Algeria after the re-election of Abdelaziz Bouteflika

Algeria after the re-election of Abdelaziz Bouteflika

Subject

On April 8, 2004, Abdelaziz Bouteflika was re-elected president of Algeria in the first round, with 84.9% of votes cast.

Summary

Abdelaziz Bouteflika was re-elected president of the Republic of Algeria in the first round of presidential elections held on April 8, 2004. Repeated declarations of neutrality by the armed forces, as well as the willingness expressed by the Chief of the General Staff, Mohamed Lamari, to accept the victory of any candidate –including the leader of the Islah Islamist party, Abdallah Jabala– led international observers to take greater interest in these elections. On this occasion, unlike during the presidential elections of 1999, the other candidates did not withdraw, which helped make the elections appear relatively open and competitive. The weight of the armed forces in Algerian politics remains a decisive factor in any analysis of Algerian political and economic life. Bouteflika’s victory strengthens his position in the political system, though the unexpected magnitude of his win undermines the credibility of elections that were meant to give the world the impression that a democratizing process is underway after more than a decade of civil war –with the post-9/11 international context of the war against terrorism as a backdrop–.

Analysis

Abdelaziz Bouteflika, minister of Foreign Affairs from 1963 to 1978 and a key player in establishing Algeria’s international prestige in the 1970s, had not taken part in Algerian domestic politics since the armed forces distanced him from the succession of Huari Bumedián in 1978, forcing him into exile. In the early 1990s, Bouteflika kept away from public life and in 1994 even refused the army’s offer for him to pilot the political institutionalization process after the coup in 1992. As General Jaled Nezzar comments in his memoirs, Bouteflika was able to become President of the Republic in 1999 thanks to strong support from part of the military hierarchy which, after forcing the resignation of General Liamin Zerual, decided to withdraw the army from the forefront of the political scene and bring Bouteflika back. Their goal was to improve the regime’s image abroad and to reduce the risk of an internationalization of the Algerian civil conflict, which had worsened in the months before as several missions of international observers and a UN delegation arrived to gather on-site information on the causes of the violence that was shaking the country. Abdelaziz Bouteflika’s position as the new President of the Republic was weakened by the fact that the other candidates boycotted the electoral process, which they considered fraudulent. His main goal since then has been to enhance his own legitimacy to strengthen his position in the system and enable him to increase the presidentialist bent of the 1996 Constitution, increasing his independence from the decision-makers in the military and from the political parties that supported them. In parliament, Bouteflika built a heterogeneous presidential majority made up of two parties close to the government –the FLN and the RND–, a tame Islamist party –the MSP– and a Berber party –the RCD–, which favoured separating church from state and distancing Islamism from public life. The latter party abandoned the government coalition after the Berber revolt broke out in Cabilia in April 2001.
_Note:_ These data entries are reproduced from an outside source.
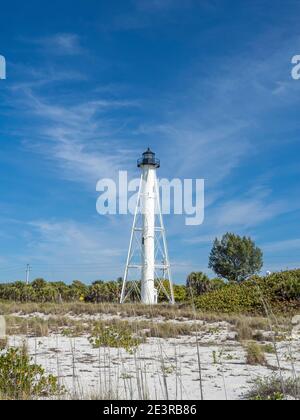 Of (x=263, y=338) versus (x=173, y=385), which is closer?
(x=173, y=385)

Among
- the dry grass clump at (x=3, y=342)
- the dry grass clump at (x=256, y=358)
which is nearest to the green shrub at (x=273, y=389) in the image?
the dry grass clump at (x=256, y=358)

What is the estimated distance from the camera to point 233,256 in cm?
4741

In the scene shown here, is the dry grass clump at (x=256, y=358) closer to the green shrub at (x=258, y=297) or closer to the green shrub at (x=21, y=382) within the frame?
the green shrub at (x=21, y=382)

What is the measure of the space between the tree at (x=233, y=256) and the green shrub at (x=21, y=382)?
1642 inches

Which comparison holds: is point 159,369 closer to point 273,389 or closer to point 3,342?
point 273,389

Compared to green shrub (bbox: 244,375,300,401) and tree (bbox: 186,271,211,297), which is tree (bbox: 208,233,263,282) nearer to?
tree (bbox: 186,271,211,297)

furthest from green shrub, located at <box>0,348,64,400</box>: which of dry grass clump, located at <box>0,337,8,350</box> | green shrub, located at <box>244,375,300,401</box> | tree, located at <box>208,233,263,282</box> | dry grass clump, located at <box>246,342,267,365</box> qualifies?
tree, located at <box>208,233,263,282</box>

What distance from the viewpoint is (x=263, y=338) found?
11102 millimetres

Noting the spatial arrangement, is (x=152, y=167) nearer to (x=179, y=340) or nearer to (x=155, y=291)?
(x=155, y=291)

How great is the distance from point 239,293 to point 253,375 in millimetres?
14549

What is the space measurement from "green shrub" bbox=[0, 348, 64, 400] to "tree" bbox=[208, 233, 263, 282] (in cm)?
4172

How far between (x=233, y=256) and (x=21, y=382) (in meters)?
43.1

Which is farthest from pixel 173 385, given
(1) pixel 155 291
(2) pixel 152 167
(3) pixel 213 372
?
(2) pixel 152 167

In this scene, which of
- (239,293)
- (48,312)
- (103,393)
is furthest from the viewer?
(239,293) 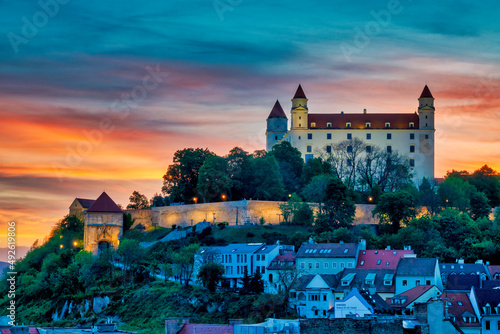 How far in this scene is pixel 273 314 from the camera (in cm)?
5766

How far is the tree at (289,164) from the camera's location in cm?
9644

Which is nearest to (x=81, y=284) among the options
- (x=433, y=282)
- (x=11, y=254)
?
(x=433, y=282)

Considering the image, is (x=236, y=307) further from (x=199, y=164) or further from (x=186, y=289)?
(x=199, y=164)

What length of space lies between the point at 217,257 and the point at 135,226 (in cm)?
2474

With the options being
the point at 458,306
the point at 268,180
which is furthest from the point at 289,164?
the point at 458,306

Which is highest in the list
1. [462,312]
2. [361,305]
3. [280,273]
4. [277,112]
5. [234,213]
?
[277,112]

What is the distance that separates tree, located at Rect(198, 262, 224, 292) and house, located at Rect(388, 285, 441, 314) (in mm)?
14821

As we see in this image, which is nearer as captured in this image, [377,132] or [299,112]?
[377,132]

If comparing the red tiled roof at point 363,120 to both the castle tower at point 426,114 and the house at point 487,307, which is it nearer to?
the castle tower at point 426,114

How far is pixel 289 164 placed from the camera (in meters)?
98.8

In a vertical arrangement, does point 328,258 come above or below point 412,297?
above

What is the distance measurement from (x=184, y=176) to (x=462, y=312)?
53440 millimetres

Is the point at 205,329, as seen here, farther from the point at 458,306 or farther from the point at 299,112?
the point at 299,112

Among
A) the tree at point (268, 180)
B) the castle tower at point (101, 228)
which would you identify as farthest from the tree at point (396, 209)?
the castle tower at point (101, 228) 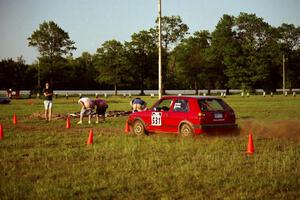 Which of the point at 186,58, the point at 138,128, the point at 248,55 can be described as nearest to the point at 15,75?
the point at 186,58

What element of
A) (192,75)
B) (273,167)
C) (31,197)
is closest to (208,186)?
(273,167)

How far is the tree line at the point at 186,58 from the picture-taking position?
235 ft

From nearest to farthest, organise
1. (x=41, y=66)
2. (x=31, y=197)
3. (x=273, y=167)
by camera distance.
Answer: (x=31, y=197) → (x=273, y=167) → (x=41, y=66)

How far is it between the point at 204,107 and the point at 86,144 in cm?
394

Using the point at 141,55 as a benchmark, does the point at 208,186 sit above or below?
below

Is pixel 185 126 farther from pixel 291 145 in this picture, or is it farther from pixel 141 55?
pixel 141 55

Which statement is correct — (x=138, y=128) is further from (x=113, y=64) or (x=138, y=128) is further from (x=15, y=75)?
(x=15, y=75)

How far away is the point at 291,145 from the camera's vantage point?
37.0 ft

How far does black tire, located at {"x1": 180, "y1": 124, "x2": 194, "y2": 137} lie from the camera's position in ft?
42.5

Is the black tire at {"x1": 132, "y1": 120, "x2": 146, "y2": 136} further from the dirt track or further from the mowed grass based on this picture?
the dirt track

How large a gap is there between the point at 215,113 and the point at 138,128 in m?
3.07

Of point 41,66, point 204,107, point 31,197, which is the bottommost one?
point 31,197

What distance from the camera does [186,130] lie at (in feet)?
43.1

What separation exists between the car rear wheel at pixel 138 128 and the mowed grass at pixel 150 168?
5.23ft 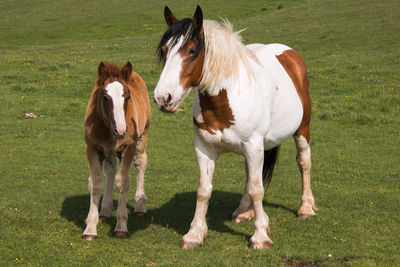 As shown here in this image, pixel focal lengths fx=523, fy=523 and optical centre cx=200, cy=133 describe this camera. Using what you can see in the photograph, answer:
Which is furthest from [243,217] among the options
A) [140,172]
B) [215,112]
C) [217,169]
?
[217,169]

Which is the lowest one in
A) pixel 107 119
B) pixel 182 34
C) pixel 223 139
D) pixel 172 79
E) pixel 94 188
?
pixel 94 188

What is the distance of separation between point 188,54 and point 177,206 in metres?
3.62

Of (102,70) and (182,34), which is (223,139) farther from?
(102,70)

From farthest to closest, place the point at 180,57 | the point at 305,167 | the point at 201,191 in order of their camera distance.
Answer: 1. the point at 305,167
2. the point at 201,191
3. the point at 180,57

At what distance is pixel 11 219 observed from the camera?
7.81m

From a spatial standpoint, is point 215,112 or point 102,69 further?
point 102,69

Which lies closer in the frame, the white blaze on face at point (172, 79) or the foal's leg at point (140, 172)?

During his first mandate, the quest for independence was one of the cornerstones of President Bouteflika’s very personal presidential style, leading him to break taboos such as the public use of the French language, celebrating the new millennium according to the Gregorian calendar, promoting Saint Augustine’s Algerian origins and the role played by the Jewish community in preserving Algeria’s cultural heritage. After a decade of rhetoric focused on eradicating Islamism, Bouteflika made national reconciliation the leit motif of his electoral programme in the 1999 elections, enabling him to connect with the hopes of broad sectors of the Algerian population to re-establish peace and security in the country after a long civil war that had caused more than 100,000 deaths. In this context, the law on ‘National Harmony’ was passed by 96.3% of the votes after a plebiscite held in September 1999 which posed the following question: ‘Are you in favour or against the initiative of the President of the Republic aimed at achieving peace and civil harmony?’. This question directly linked the figure of the president with peace and reconciliation. His decision to combine repression with an olive branch led 6,000 AIS fighters (the armed branch of the FIS) to lay down their arms and helped bring about a considerable improvement in the state of security in Algeria in recent years, especially in urban areas. These results were one of Abdelaziz Bouteflika’s main political assets going into the presidential elections in 2004. According to independent estimates, there were around 140 killings in the first quarter of 2004.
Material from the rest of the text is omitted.